== Segment start ==
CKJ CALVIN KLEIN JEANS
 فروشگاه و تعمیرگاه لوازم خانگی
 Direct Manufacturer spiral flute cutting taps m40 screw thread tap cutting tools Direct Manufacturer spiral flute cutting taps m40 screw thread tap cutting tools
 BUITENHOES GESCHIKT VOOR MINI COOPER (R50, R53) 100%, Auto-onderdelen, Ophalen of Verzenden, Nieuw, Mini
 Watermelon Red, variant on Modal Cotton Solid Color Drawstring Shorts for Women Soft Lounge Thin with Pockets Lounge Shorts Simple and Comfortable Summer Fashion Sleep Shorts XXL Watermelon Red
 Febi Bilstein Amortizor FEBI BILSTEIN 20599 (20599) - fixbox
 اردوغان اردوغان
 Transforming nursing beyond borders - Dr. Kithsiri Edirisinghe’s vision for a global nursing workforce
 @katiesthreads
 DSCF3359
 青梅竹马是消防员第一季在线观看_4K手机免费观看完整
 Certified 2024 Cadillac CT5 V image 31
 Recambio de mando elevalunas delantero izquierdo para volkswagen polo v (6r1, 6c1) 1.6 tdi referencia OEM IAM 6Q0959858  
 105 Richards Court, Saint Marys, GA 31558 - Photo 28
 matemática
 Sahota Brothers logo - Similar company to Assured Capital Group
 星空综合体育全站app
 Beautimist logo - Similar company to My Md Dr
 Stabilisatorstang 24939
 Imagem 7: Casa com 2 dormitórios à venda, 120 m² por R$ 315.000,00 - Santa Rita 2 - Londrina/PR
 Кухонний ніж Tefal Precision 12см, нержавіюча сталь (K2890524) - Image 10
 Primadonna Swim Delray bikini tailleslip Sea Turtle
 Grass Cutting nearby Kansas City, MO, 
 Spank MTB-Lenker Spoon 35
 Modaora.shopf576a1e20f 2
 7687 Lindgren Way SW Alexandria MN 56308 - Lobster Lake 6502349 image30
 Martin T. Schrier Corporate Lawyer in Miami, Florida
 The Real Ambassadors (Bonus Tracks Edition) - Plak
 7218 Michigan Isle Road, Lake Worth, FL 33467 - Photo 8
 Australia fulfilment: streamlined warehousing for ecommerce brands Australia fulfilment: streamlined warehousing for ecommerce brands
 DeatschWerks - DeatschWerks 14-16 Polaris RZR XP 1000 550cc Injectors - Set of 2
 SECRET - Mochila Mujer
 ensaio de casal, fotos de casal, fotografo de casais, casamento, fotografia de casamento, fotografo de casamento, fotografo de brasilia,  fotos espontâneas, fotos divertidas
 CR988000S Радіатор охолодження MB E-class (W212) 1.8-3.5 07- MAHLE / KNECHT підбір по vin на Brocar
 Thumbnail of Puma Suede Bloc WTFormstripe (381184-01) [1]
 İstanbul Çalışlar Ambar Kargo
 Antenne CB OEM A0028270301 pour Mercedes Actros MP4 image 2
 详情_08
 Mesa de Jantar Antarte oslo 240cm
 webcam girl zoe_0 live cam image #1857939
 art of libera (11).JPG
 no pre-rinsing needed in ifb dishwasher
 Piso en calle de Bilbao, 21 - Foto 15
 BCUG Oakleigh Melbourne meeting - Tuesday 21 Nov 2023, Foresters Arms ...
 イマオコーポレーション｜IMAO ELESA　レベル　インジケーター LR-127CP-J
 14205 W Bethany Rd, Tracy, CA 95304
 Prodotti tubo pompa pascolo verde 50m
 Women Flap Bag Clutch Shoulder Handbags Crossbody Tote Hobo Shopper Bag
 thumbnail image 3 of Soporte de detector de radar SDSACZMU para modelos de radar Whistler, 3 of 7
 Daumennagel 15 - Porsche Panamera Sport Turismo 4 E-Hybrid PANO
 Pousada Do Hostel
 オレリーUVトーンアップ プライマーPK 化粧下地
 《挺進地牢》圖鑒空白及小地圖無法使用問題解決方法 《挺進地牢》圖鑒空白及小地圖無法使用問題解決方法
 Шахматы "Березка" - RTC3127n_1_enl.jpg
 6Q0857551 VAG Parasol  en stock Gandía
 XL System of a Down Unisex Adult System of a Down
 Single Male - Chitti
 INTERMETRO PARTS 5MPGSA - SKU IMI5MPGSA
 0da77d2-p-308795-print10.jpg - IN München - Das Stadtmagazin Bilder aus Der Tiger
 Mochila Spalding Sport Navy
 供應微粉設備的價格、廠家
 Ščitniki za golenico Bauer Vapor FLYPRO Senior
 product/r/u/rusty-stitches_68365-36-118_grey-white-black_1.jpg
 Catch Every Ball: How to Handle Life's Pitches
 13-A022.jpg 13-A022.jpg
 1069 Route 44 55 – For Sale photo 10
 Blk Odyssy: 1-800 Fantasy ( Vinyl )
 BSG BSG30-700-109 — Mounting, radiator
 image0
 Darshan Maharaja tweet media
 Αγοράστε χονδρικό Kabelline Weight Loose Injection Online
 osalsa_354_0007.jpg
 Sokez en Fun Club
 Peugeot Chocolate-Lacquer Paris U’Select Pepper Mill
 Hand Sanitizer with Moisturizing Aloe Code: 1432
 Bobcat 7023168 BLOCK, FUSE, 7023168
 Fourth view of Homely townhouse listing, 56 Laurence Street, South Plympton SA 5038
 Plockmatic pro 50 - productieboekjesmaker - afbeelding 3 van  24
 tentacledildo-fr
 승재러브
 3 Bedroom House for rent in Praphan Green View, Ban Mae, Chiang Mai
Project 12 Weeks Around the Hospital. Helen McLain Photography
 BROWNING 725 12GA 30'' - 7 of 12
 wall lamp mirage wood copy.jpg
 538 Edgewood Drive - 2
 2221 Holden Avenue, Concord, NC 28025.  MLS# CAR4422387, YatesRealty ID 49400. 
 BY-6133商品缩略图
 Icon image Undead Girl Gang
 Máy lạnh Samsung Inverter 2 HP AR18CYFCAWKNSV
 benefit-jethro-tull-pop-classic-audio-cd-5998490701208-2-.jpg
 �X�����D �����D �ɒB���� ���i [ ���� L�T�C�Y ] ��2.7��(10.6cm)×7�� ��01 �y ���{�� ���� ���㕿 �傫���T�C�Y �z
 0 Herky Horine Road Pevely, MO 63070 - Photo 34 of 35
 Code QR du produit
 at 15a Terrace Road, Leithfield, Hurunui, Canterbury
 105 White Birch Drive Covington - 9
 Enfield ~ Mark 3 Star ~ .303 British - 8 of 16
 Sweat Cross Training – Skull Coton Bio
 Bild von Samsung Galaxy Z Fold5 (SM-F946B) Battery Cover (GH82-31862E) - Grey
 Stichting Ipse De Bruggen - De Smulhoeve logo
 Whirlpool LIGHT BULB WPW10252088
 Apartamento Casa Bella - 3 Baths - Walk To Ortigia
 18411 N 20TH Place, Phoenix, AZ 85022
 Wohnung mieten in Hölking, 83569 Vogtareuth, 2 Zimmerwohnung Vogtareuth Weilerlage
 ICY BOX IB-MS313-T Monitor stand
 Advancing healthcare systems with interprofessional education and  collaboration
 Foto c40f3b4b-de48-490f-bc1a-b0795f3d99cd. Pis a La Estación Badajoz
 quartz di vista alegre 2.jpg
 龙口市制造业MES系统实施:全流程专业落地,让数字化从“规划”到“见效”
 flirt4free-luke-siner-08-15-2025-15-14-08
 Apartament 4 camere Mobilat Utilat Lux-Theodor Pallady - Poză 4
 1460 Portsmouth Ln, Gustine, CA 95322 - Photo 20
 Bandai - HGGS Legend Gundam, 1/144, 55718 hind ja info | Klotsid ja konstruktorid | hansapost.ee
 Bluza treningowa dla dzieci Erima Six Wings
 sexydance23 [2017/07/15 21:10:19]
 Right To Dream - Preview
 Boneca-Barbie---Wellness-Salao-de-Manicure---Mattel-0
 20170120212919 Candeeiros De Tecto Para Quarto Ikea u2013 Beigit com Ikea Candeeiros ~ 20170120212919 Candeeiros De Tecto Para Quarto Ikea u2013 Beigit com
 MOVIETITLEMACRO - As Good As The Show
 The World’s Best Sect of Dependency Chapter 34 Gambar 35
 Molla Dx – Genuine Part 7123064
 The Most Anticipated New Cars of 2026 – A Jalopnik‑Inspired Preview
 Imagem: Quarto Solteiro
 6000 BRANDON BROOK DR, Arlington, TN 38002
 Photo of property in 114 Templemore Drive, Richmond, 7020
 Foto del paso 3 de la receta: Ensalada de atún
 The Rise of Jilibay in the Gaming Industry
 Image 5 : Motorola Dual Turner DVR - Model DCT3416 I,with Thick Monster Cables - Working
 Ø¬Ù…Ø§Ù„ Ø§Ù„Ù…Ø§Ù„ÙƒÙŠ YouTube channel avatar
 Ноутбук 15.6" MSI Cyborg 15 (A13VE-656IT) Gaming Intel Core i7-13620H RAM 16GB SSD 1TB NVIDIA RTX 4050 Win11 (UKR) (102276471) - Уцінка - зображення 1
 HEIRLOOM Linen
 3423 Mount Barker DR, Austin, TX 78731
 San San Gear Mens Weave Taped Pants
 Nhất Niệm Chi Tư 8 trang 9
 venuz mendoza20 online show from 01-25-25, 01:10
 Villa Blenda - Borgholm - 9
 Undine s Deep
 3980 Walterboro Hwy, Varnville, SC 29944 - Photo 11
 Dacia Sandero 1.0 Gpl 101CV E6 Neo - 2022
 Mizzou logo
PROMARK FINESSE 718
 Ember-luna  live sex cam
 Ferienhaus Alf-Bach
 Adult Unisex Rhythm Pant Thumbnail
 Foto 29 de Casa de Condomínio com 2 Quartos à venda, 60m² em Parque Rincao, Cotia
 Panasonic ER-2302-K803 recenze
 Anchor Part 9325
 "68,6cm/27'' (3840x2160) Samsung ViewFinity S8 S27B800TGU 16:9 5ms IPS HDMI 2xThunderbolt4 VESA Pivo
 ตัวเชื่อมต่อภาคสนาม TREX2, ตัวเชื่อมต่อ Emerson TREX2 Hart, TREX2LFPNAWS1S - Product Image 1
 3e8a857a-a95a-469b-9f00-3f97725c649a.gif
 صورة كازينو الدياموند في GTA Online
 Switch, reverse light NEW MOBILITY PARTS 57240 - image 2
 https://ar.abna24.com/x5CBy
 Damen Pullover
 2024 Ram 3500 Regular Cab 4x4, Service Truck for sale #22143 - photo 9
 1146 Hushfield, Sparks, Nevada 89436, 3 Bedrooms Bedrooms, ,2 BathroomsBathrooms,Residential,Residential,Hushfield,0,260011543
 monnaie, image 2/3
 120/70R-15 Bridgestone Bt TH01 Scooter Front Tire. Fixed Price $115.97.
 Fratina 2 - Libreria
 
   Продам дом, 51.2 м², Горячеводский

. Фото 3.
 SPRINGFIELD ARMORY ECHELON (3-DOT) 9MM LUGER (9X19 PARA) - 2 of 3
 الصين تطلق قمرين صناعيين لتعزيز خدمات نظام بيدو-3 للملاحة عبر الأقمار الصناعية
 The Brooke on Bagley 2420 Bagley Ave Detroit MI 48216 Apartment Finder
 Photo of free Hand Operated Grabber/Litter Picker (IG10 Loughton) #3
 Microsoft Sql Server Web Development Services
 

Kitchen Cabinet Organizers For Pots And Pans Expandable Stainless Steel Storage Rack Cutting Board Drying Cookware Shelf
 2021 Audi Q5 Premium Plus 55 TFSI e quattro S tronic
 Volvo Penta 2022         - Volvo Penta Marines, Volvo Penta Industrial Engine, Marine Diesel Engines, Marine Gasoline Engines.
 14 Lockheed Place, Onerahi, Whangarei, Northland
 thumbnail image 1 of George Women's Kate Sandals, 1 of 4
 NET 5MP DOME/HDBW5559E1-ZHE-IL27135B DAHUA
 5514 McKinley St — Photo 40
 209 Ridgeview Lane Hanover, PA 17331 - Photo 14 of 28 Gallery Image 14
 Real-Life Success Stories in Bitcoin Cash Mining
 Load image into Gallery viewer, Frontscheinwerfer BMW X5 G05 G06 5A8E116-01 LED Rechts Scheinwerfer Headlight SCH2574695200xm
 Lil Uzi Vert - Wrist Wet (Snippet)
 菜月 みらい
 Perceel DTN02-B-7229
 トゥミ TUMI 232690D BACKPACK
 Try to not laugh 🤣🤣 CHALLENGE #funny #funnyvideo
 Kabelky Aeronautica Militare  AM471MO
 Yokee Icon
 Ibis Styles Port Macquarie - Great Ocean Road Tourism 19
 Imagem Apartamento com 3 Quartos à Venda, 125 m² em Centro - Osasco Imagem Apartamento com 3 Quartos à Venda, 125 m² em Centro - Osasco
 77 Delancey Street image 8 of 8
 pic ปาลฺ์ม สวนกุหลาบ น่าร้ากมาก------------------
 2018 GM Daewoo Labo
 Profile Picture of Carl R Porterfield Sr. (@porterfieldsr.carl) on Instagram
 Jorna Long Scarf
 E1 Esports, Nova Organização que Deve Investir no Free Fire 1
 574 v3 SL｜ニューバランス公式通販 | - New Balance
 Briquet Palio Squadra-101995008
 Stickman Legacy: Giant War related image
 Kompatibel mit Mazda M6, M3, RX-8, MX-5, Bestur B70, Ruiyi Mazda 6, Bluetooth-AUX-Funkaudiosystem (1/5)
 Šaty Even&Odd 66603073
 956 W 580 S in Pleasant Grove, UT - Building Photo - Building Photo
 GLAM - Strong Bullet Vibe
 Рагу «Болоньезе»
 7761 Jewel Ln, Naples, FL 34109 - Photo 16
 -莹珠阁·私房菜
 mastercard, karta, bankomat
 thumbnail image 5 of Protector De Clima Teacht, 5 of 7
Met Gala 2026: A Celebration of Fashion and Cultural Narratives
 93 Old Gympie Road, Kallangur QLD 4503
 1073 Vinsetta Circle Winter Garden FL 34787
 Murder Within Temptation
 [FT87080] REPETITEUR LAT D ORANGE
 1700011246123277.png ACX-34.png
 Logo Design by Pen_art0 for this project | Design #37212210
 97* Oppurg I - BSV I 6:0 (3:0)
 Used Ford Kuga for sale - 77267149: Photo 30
== Segment end ==
• [What you will do]: Write out the lines of the entries, word for word, from the first through the one containing "Кухонний ніж Tefal", and stop at that line.

• [Response]:
CKJ CALVIN KLEIN JEANS
 فروشگاه و تعمیرگاه لوازم خانگی
 Direct Manufacturer spiral flute cutting taps m40 screw thread tap cutting tools Direct Manufacturer spiral flute cutting taps m40 screw thread tap cutting tools
 BUITENHOES GESCHIKT VOOR MINI COOPER (R50, R53) 100%, Auto-onderdelen, Ophalen of Verzenden, Nieuw, Mini
 Watermelon Red, variant on Modal Cotton Solid Color Drawstring Shorts for Women Soft Lounge Thin with Pockets Lounge Shorts Simple and Comfortable Summer Fashion Sleep Shorts XXL Watermelon Red
 Febi Bilstein Amortizor FEBI BILSTEIN 20599 (20599) - fixbox
 اردوغان اردوغان
 Transforming nursing beyond borders - Dr. Kithsiri Edirisinghe’s vision for a global nursing workforce
 @katiesthreads
 DSCF3359
 青梅竹马是消防员第一季在线观看_4K手机免费观看完整
 Certified 2024 Cadillac CT5 V image 31
 Recambio de mando elevalunas delantero izquierdo para volkswagen polo v (6r1, 6c1) 1.6 tdi referencia OEM IAM 6Q0959858  
 105 Richards Court, Saint Marys, GA 31558 - Photo 28
 matemática
 Sahota Brothers logo - Similar company to Assured Capital Group
 星空综合体育全站app
 Beautimist logo - Similar company to My Md Dr
 Stabilisatorstang 24939
 Imagem 7: Casa com 2 dormitórios à venda, 120 m² por R$ 315.000,00 - Santa Rita 2 - Londrina/PR
 Кухонний ніж Tefal Precision 12см, нержавіюча сталь (K2890524) - Image 10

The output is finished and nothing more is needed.